Imbued with the spirit of Vaishnavism, the legacy of a religious family, Saikia has written about man, the common people. His published repertoire includes short stories, novels, travelogues and collection of articles. Ture Mure Alokore Jatra, his novel based on the glorious life of Jyotiprasad Agarwalla, was awarded the Publications Board prize in 2000.

Saikia’s reputation as one of Assam’s literary greats rests not on the numerous awards that he has been honoured with but on his creativity and intellectual verve. “A writer can never put down his pen. Once he does that he is finished. He can always give better than his best,” he professes.

“When I found my dream shattering against the rocks of reality, I was disillusioned and this became pivotal in my writings. However, there was a glimmer of hope, which evinces in between the lines,” he adds.

So, to this day, Saikia’s pen flows. His soul remains kindled by the power of the word, enraptured by the innate beauty of humankind. “I have deep faith in the power of the printed word and man. Both are indestructible and can rise above the distresses of time,” he observes.

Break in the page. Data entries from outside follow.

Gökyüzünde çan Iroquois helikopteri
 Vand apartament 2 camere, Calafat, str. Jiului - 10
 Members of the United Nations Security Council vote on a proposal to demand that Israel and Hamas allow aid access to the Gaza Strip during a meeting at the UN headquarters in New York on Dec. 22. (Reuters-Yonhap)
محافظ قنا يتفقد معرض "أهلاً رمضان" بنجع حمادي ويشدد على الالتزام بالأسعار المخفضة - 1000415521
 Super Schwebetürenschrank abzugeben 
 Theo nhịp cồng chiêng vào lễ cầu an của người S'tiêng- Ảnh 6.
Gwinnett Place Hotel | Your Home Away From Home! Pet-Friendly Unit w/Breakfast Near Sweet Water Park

Here one feels impelled to ask the one last question that Saikia himself had asked many masters of literature during interviews — if you were to be exiled to an island, which are the books that you would take with you? He answers promptly — Lakshminath Bezbaruah’s Complete Works, Jyotiprasad’s dramas, songs and articles, Shankardev and Madhadev’s works and Leo Tolstoy’s War and Peace. “These works encompass whatever concerns humanity,” he concludes.